JACKSONVILLE, Fla. – The National Transportation Safety Board has released its investigative report on the June 4, 2020 fire aboard a cargo ship at Blount Island.
NTSB said the fire on the Hoegh Xiamen started on the eighth deck of the ship, sparked by an improperly disconnected battery on one of the 2,400 vehicles onboard.
The NTSB determined that the ship’s fire detection system was offline for the loading process when the fire started and wasn’t reactivated until after the smoke was first seen.

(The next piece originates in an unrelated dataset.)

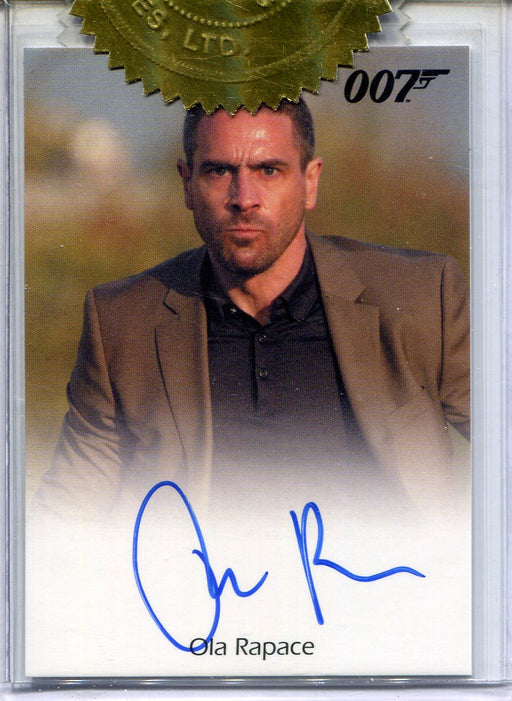 James Bond Autographs & Relics Ola Rapace Autograph Card - TvMovieCards.com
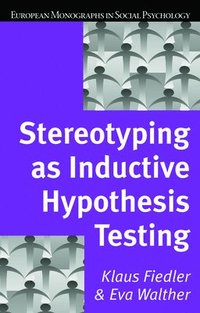 bokomslag Stereotyping as Inductive Hypothesis Testing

According to the report, the Jacksonville Fire and Rescue Department’s response was delayed because the ship’s sailing master “did not have immediately available contact information for search and rescue authorities and did not know how to report a fire to local authorities—who to call, what number to dial, or which frequency to use.”
The NTSB said the first call to emergency crews was from someone onshore. It lists the following timetable:
- 3:30 p.m.: Smoke first seen on the ship
- 3:45 p.m. Ship’s fire detection system re-activated
- 3:49 p.m.: Ship’s sailing master starts making radio calls
- 3:54 p.m.: The distress call is relayed to the U.S. Coast Guard by another vessel
- 3:59 p.m.: An onshore witness calls 911
- 4:03 p.m.: The first JFRD unit reaches the ship
According to the report, nine members of JFRD were injured while fighting the fire, five seriously. The fire burned for a total of eight days. None of the vessel’s 21 crewmembers was injured.
The ship was a total loss and more than 2,400 vehicles on board were as well. There was a total of more than $40 million in damage.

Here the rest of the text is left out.